On his own, he released the two Asylum Choir albums which were hard to classify: kind of psychadelic/country/pop. Soon thereafter began his initial "Master of Space and Time" rock stage; associating with the likes of Joe Cocker, Delaney and Bonnie, George Harrison, and on and on. There was some experimenting with jazz on Carney and Stop All That Jazz, interrupted with a full album of classic Country favorites: Hank Wilson's Back. Next came a pair of albums with new wife, the former Mary McCready.
Americana became Russel's newest swich in style. This album is a mix of Country, "Popish" Bluegrass, and just plain fun. This album would mark a major shift in Russell's musical style. He would tour for the next two years with his new band the New Grass Revival, and he would follow with several follow-up volumes of Hank Wilson. Leon has remained very active over the years, playing in smaller clubs and putting forth at least one and often several albums each year.

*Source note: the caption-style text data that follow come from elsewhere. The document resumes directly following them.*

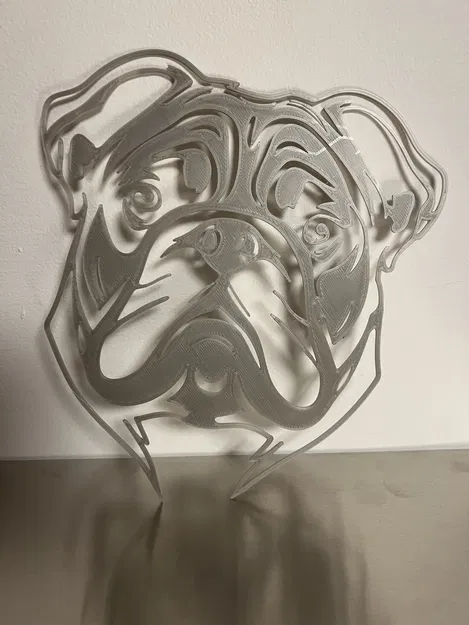 Tranh Tường Hình Bóng Chó Bulldog - Image 1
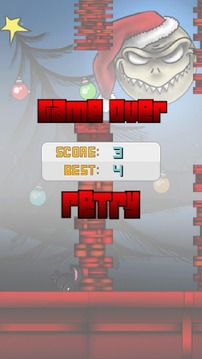 Flappy Christmas - Evil Bunny游戲截圖2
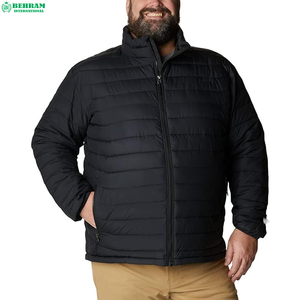 Veste Softshell Rembourrée Écologique Respirante et Coupe-Vent pour Hommes Grande Taille Behram International, Remplissage en Coton, Style Urbain - Product Image 1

A fan's story: Leon came to El Paso back in the mid-80's to play in a small club. During the day, he and the band went over to Juarez, Mexico (this was in the long ago days before there were 2-3000 murder per year there) and the boys parties a bit hard and somehow Leon broke his leg. He was brought back to the U.S., taken to a hospital where they set and casted the leg and damn if at concert time, the band carried him out and placed him on the piano bench. There's dedication for you and I sure hope Leon knows how much we appreciated him."